Static source code auditor. Scans Python files for 11 common backtest bias patterns.

from replaybt import BacktestAuditor

auditor = BacktestAuditor(source_code, filename="my_backtest.py")
issues = auditor.audit()
print(auditor.report())

Constructor

BacktestAuditor(source: str, filename: str = "<unknown>")

Methods

Method Returns Description
audit() List[Issue] Run all checks
report() str Formatted report

Checks

# Check Severity Description
1 Same-bar execution CRITICAL Signal and entry on same bar
2 Indicator lookahead WARNING Pre-calculated without exclusion
3 Exit price assumptions WARNING No gap protection
4 Missing pending_order CRITICAL No pending order system
5 Time alignment WARNING Incomplete bar lookup
6 Missing fees WARNING No slippage/fees
7 Future data access CRITICAL iloc[i+1]
8 Signal/exit same iter WARNING Signal and exit in same loop
9 Missing 1m data INFO Not using 1m bars
10 Wrapper delegation INFO Script delegates to another
11 Scale-in bias WARNING Scale-in without timing guard

Issue

A single audit finding. Frozen dataclass.

Field Type Description
severity str "CRITICAL", "WARNING", "INFO"
line int Source line number
code str Code snippet
message str Explanation
fix str Suggested fix

audit_file

Convenience function to audit a file by path.

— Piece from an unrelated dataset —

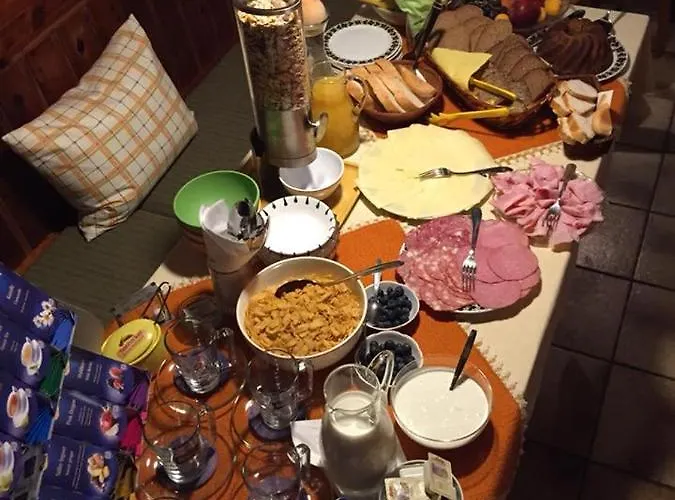 Haus Chorinskyklause Отель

from replaybt.validation.auditor import audit_file

issues = audit_file("my_backtest.py")
for issue in issues:
    print(f"[{issue.severity}] line {issue.line}: {issue.message}")

DelayTest

Adds +N bar latency to detect timing sensitivity. If PnL drops significantly, the strategy may have look-ahead bias.

from replaybt import DelayTest

result = DelayTest(
    strategy_factory=MyStrategy,   # CLASS, not instance
    data=data_provider,
    config=engine_config,
    delay_bars=1,
    fail_threshold=0.50,           # 50% PnL drop = FAIL
).run()

Constructor

DelayTest(
    strategy_factory: Callable[[], Strategy],
    data: DataProvider,
    config: dict,
    delay_bars: int = 1,
    fail_threshold: float = 0.50,
)

DelayTestResult

Field Type Description
normal BacktestResults Normal backtest
delayed BacktestResults +N bar delay
delay_bars int Bars of delay added
pnl_change_pct float PnL change percent
wr_change float Win rate change
verdict str "PASS" or "FAIL"

OOSSplit

Train/test out-of-sample split. Detects overfitting by comparing performance on train vs test periods.

from replaybt import OOSSplit

result = OOSSplit(
    strategy_factory=MyStrategy,
    data=data_provider,
    config=engine_config,
    split_ratio=0.5,
    fail_wr_divergence=0.10,
    fail_oos_pct=0.25,
).run()

Constructor

OOSSplit(
    strategy_factory: Callable[[], Strategy],
    data: DataProvider,
    config: dict,
    split_ratio: float = 0.5,
    fail_wr_divergence: float = 0.10,
    fail_oos_pct: float = 0.25,
)

OOSResult

Field Type Description
train BacktestResults Training period
test BacktestResults Test period
split_ratio float Split ratio used
verdict str "PASS" or "FAIL"
issues List[str] Failure reasons